Spartacus avait haussé le sourcil en le découvrant dans la boue. Nasir avait cru qu'il lui refuserait le port de l'épée mais accepta d'un hochement de tête après un moment de réflexion. Il lui fut permis d'échanger quelques passes avec le Germain qui le ménagea tout du long. Il était encore convalescent, après tout. Sa blessure au flanc le tiraillait encore, d'autres parties de son corps également mais croiser le glaive apaisa son esprit. Il mit à profit de chaque instant volé au temps pour être aux côtés d'Agron. Ils passèrent la journée ensemble, riant, plaisantant, échangeant baiser et paroles sans penser au départ imminent. Les adieux brefs et martiaux lui mirent le cœur en charpie. Jusqu'à ce moment, il pensait encore pouvoir les accompagner. Mais selon Agron, le syrien n'était pas encore suffisamment en forme pour cela. Il comprenait qu'il agissait dans son intérêt mais cela ne le réconfortait guère. Il observa leurs silhouettes se perdre dans les ombres de la nuit, son cœur battant la mesure de l'absence.
Il passa la nuit seul, s'inquiétant pour son Germain tandis qu'une des premières tempêtes de l'automne se déchaînait bruyamment au-dessus de lui. Il s'étonnait encore de la manière dont il s'était attaché à ce étranger. Perdre ses chaînes avait également libéré son cœur où s'épanouissaient peu à peu des sentiments inédits. Il se remémora les yeux émeraudes dont le suivaient constamment le Germain et sombra dans un sommeil peuplé de rêves luxurieux.

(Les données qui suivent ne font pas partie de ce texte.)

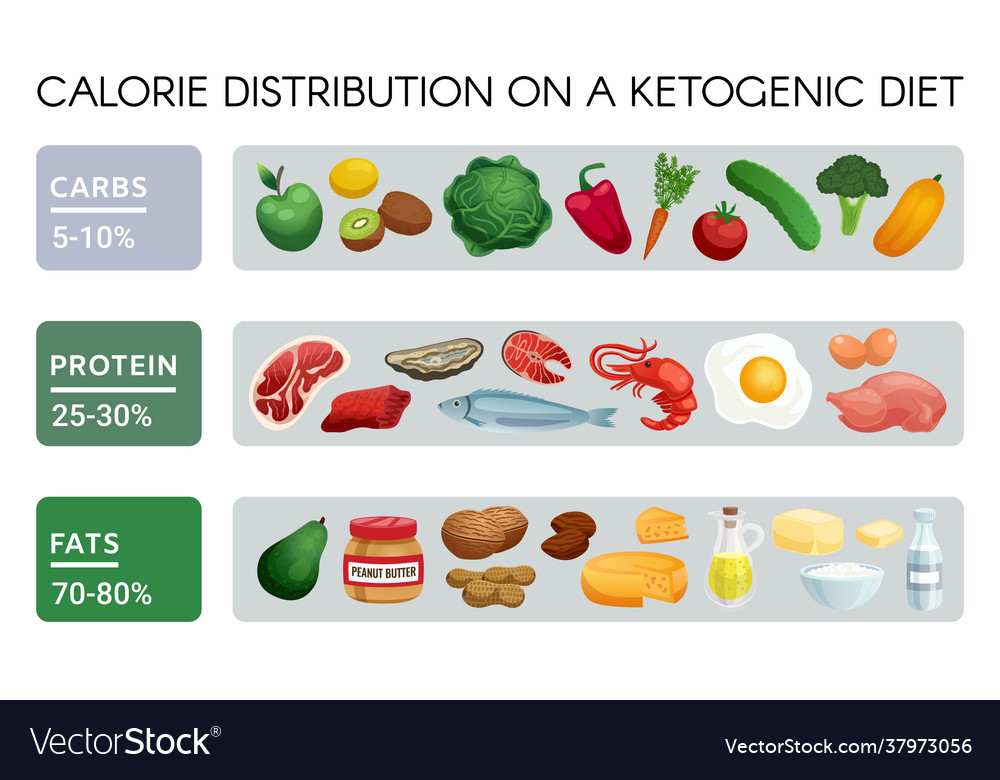 Ketogenic diet infographics Royalty Free Vector Image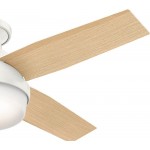 Hunter Dempsey Indoor Low Profile Ceiling Fan with LED Light and Remote Control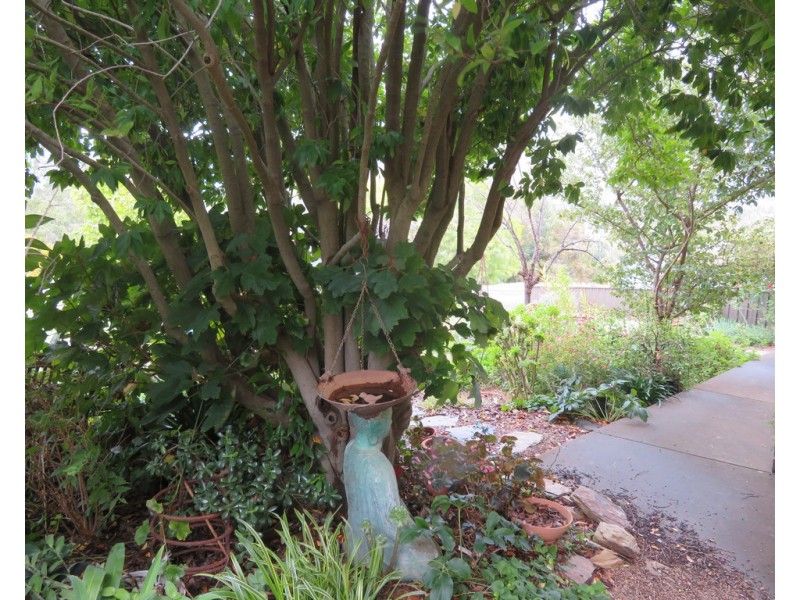 4 Judy Street, Gundagai NSW 2722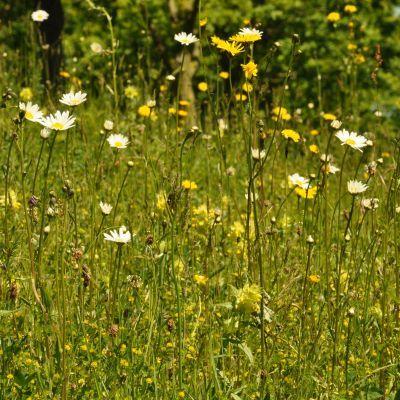 Webinar: aan de slag met bloemenweides 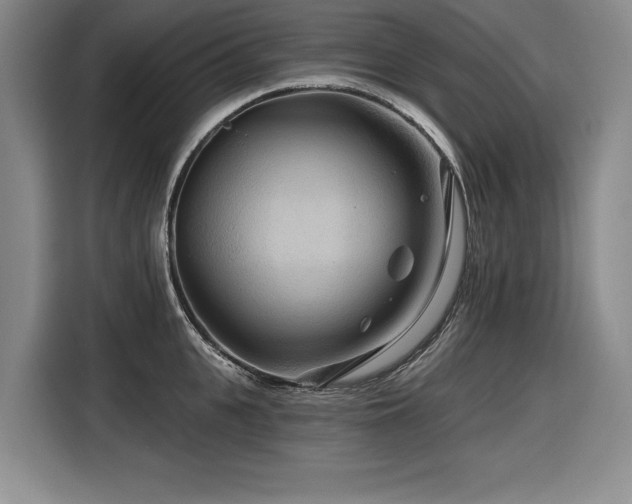 X0000116550951200912101410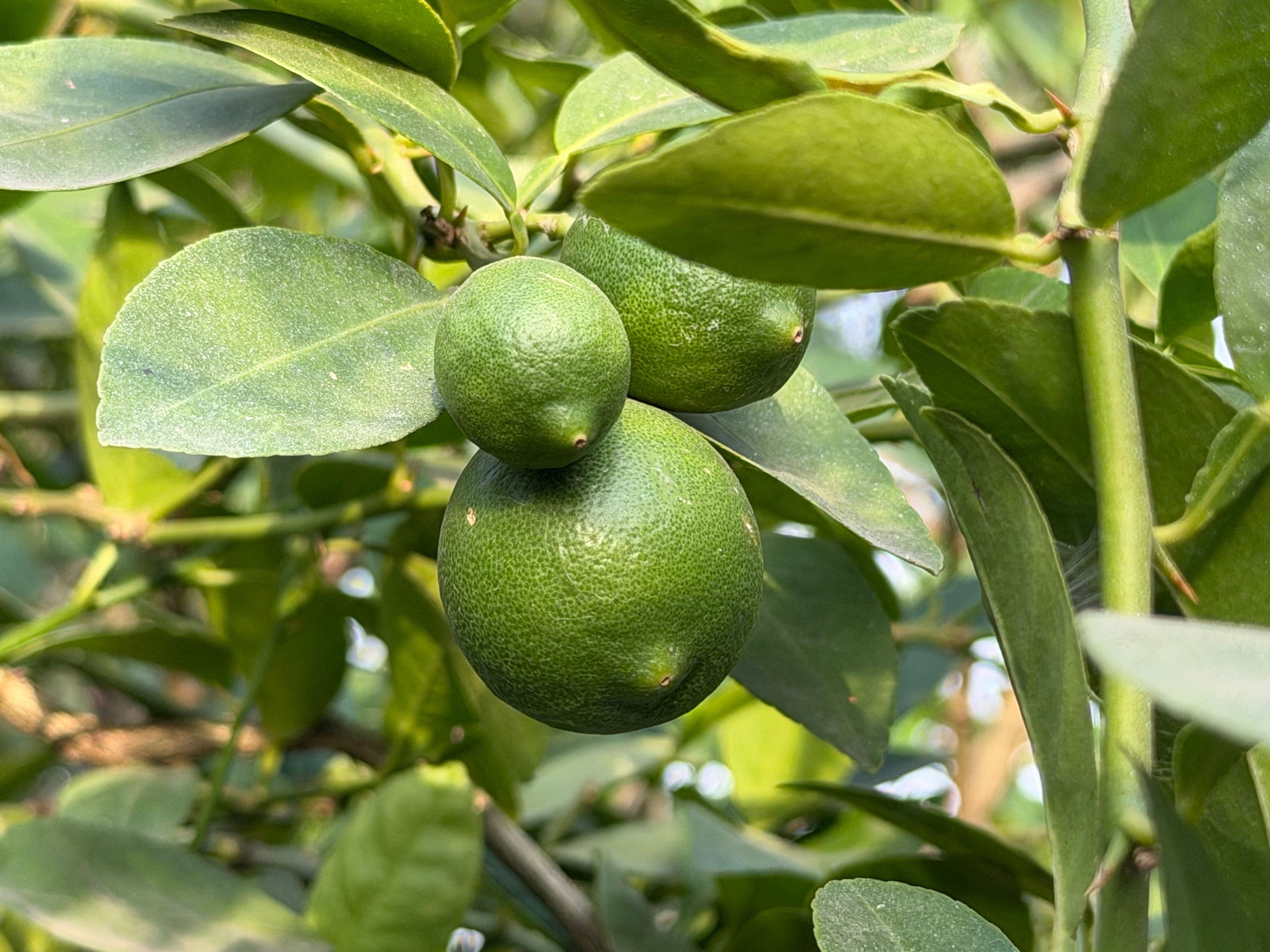Sudachi Lemon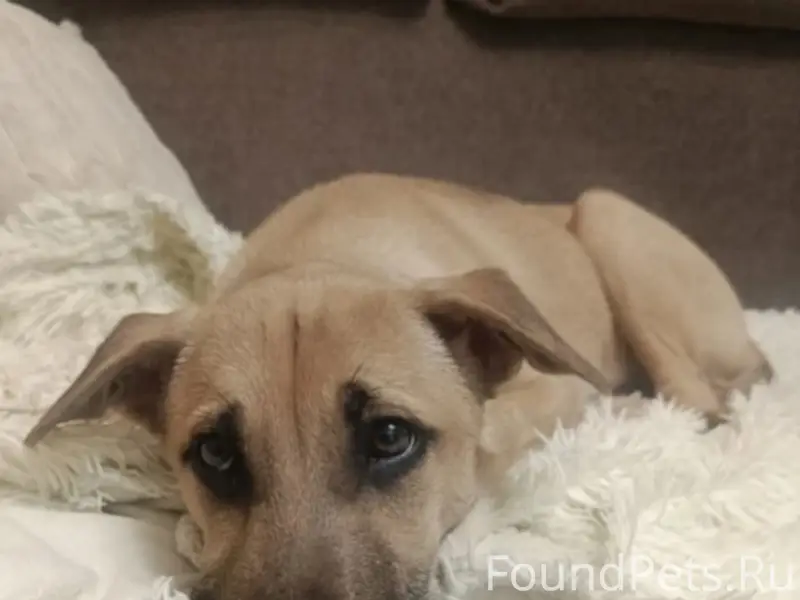 Найден щенок, район автовокзала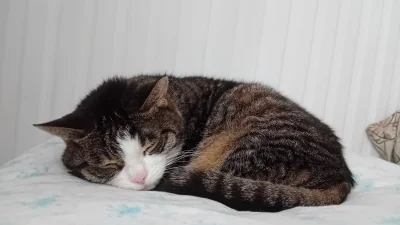 P0lka - (｡◕‿‿◕｡) #pokazkota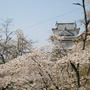 津山鶴山公園 お花見
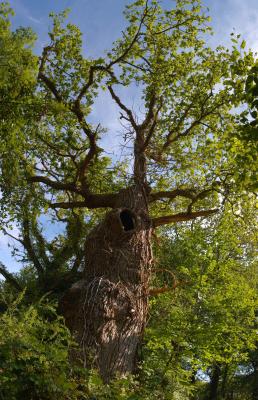 Old Man Burnham, gnarled old Oak tree at Burnham Beeches ancient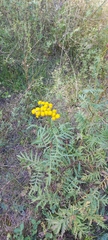 Tanacetum vulgare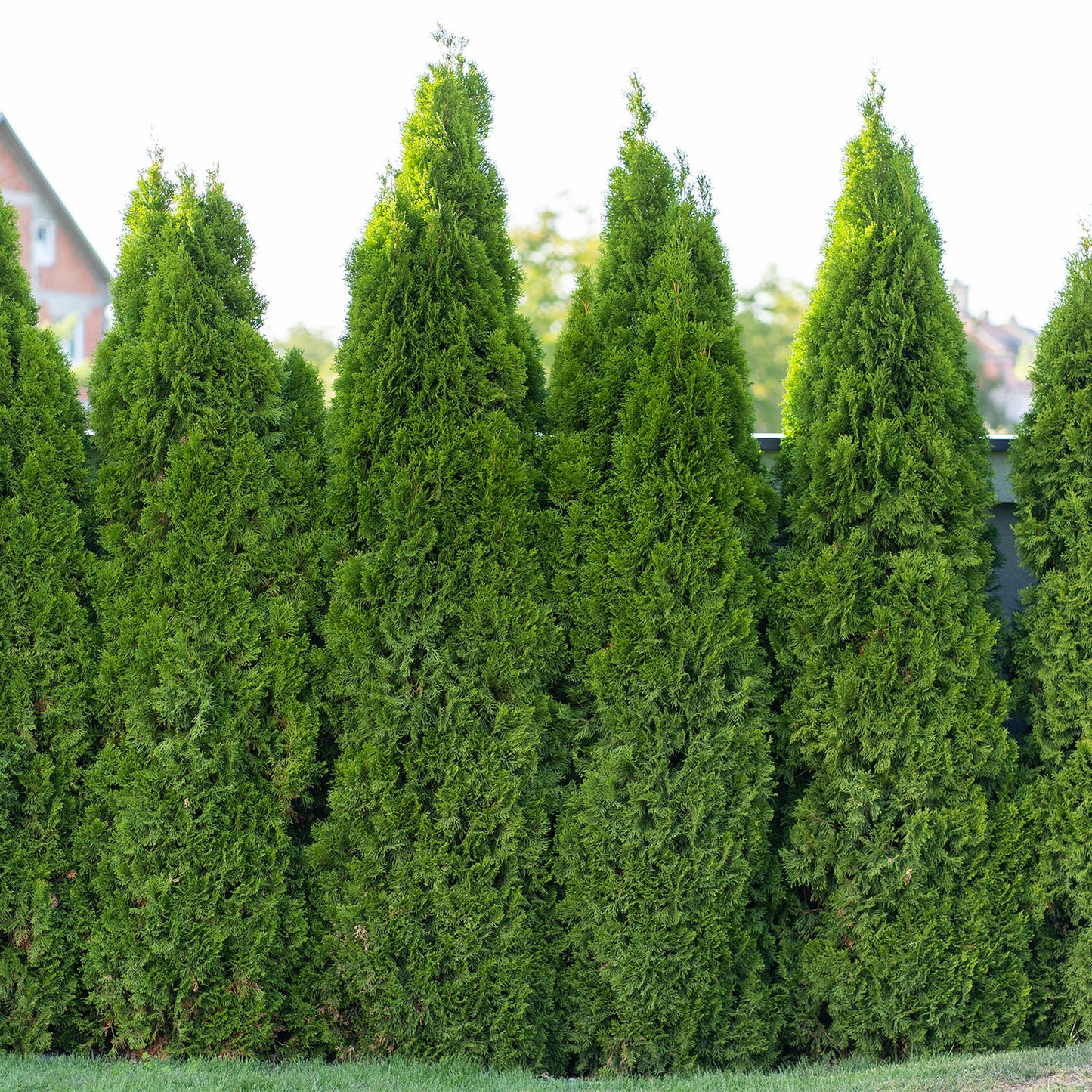 Thuja plicata 'Emerald Giant'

Au matin, il se sentit plein de vigueur et d'espoir. La nuit pluvieuse avait fait place à une belle journée, pleine de promesses. Nasir se sentait joyeux. Agron ne leur ferait pas défaut. Il savait qu'il reviendrait et qu'ils fêteraient son retour tous les deux. Il salua Mira et ses compagnes qui lui sourirent en signe de bienvenue. Le jeune homme avait charmé les femmes du camp et était estimé parmi les anciens esclaves. Sa bonne humeur et sa loyauté en faisait un homme très apprécié, même parmi les gladiateurs qui entouraient Spartacus. Ceux-ci lui avaient accordé leur confiance au même titre que leur chef de guerre et le saluait avec chaleur alors qu'il déambulait parmi eux.
Une conversation entre deux combattants lui apprit qu' Oenomaüs était sorti des enfers. Pourtant les deux hommes s'inquiétaient pour leur Doctore dont les blessures s'étaient infectées. Ils craignaient qu'il disparaisse et avec lui toutes chances d'entraîner les esclaves joints à eux. Ils devaient apprendre à se défendre et qui mieux que Doctore était capable de débourrer ces anciens esclaves qui,bien souvent, n'avait connu que les travaux des champs ? Spartacus avait besoin de soldats, pas de paysans, disaient-ils, en regardant avec un peu de mépris les travailleurs qui déblayaient les gravats du tunnel de secours ordonné par Spartacus.
Nasir se détourna d'eux, songeur, jouant avec le flacon d'onguent offert par Agron. Il pouvait sans doute aidé le Doctore avec cette substance qui avait fait des merveilles sur sa propre blessure. De la pensée à l'action, il n'y eut qu'un instant, Nasir entra dans la pièce où reposait Oenomaüs. Son grand corps à la peau noire, luisante de sueur reposait sur une couche désordonnée. Son œil valide brillait d'un éclat enfiévré. Il releva la tête avec lenteur, fatigué par ce seul mouvement. L'homme faisait peine à voir. Nasir lui apporta de l'eau, initiative que le plus âgé remercia d'un battement de cil. Rhéa Gnaea, la matrone du Ludus des Batiatus, glissa la tête dans la pièce pour surveiller leur mouvement. Nasir lui montra le flacon qu'il tenait à la main. Elle sourit, elle savait quel effet cela avait eu sur son jeune patient. Elle le laissa soigner à présent le Numide avec des gestes doux. Les soins et l'attention semblèrent réveiller l'homme qui finit par ouvrir la bouche.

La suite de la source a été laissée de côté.